The first issue of the Elberton Gazette appeared in January, 1866, with C. W. Fenton as its editor. Politically, the weekly newspaper supported the Democratic Party, but the editors voiced opposition to the 1866 National Union Convention held in Philadelphia. By 1869, Samuel Newton Carpenter was the editor and publisher of the Elberton Gazette, and the paper had a circulation of about 550. John T. McCarty purchased the Elberton Gazette from Carpenter in the spring of 1872, and he shortened the paper’s title to Gazette. McCarty, former owner of the Star of the South, considered the Gazette the next iteration of his earlier paper and changed the paper’s establishment date from 1866 to 1859. From 1872 to 1878, McCarty was sole proprietor of the Gazette, but he was joined by a Mr. Harper in 1879. In 1880, Carpenter returned to the newspaper business and organized the Elberton Publishing Company.
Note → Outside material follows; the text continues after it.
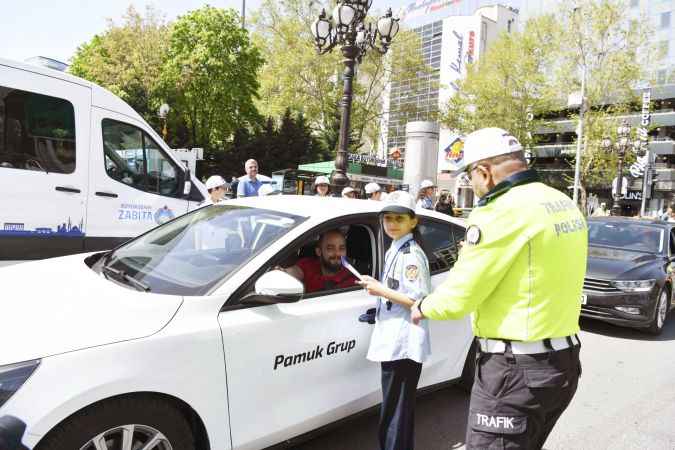 Minik polisler iş başında Trafik denetimi yaptılar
Carpenter founded his own newspaper titled the Elberton News, but the paper printed independently for a single year before Carpenter’s company bought out McCarty and Harper’s Gazette to form the New South. The publishing company kept McCarty on as editor, and McCarty managed the editorial section of the New South until October of 1883 when he moved to Washington D. C. Carpenter, still head of the publishing company, reverted the paper’s title to the Gazette in 1884. Carpenter became the Gazette’s editor after McCarty’s departure and remained in that role for seven years. In 1891, Carpenter suffered two strokes that he never fully recovered from. William M. Thorton assisted the ailing Carpenter until Carpenter fully retired in 1892. In May of 1893, F. A. Williams became the Gazette’s local editor with Edmund and Ivy as the paper’s publishers. After two years of editorial turnover, The Gazette struggled to compete with the more popular Elberton Star and ceased publication in late 1893 or early 1894.